A shot from Indonesia — eclipse eye in Indonesian is gerhana mata.

Passengers on Flight 870 got to see one minute and 53 seconds of complete eclipse. People in the “eclipse-hunting” community were quick to buy tickets once it became obvious the flight would give them the flight of the lives — including this astronomer who totally lost his shit. Totality!

Here’s a photo of the total solar eclipse by professional photographer Ulet Ifansasti. This shot is from Palembang city, in the South Sumatra province in Indonesia. The solar eclipse in Indonesia was met with parties, colorful rituals, and Muslim prayers.

Another shot from Ifansasti — this one of a young girl in Palembang city wearing protective “eclipse glasses.” Accidental direct sun-viewing before the eclipse reaches totality is likely to cause retinal burns, so it’s best to glasses-up.

The 2016 eclipse in its various stages.

The eclipse allowed scientists a moment to study the corona — the outermost layer of the sun. The corona is made up of electrons moving along magnetic field lines, which determine its shape.

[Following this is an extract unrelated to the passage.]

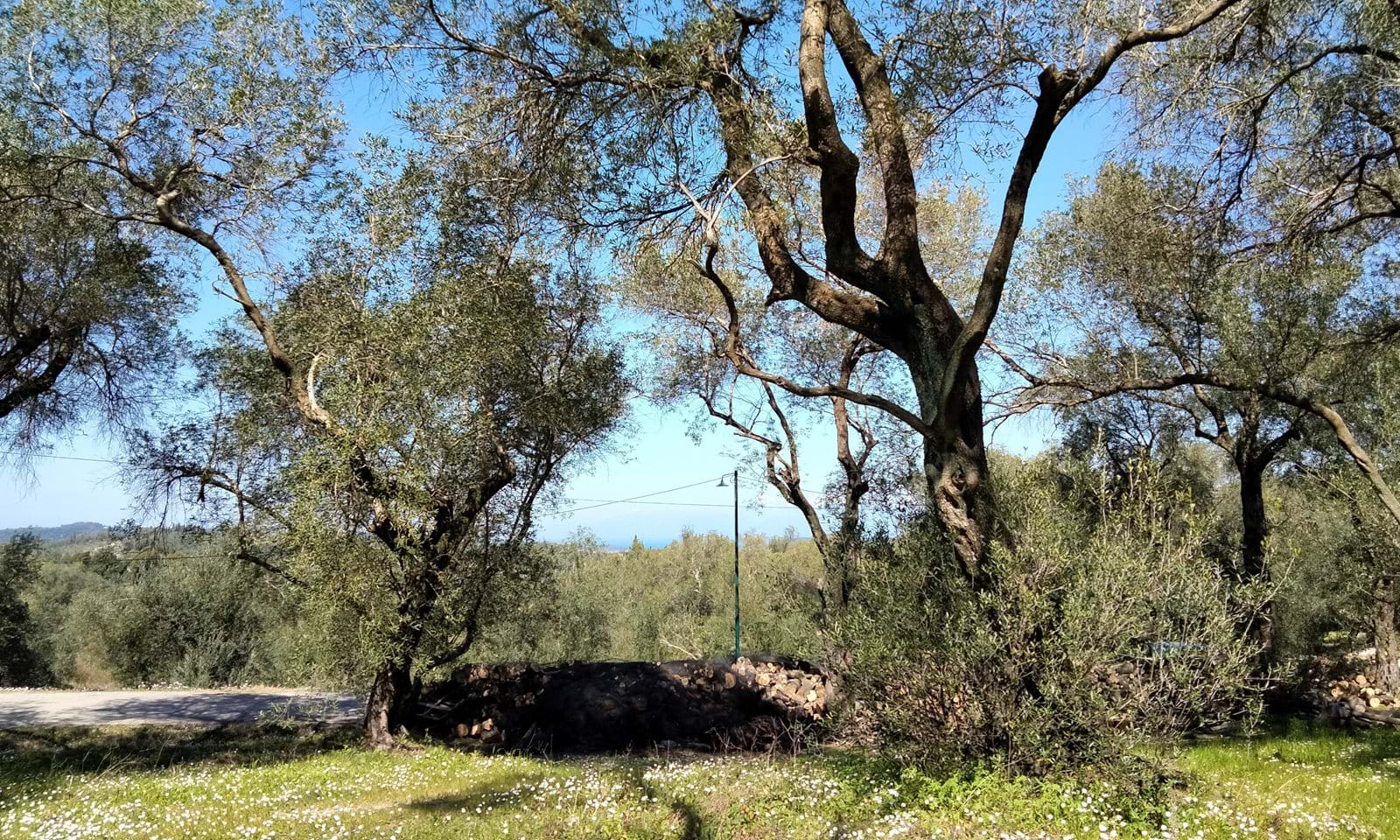Listing photograph 1 of 5 of the land in Drosato, published by Corfu Home Finders.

The moon and the sun align very occasionally because the geometry is complicated. The sun is about 400 times bigger than the moon, but the moon is 400 times closer to Earth, which allows them the opportunity to align. The next best eclipse glimpse will be on September 13 — while it won’t be a total eclipse, the annular eclipse means most of the sun will be covered by the moon. Parts of India, Africa, and Antarctica will get to see it live — North America won’t have the chance until August 2017.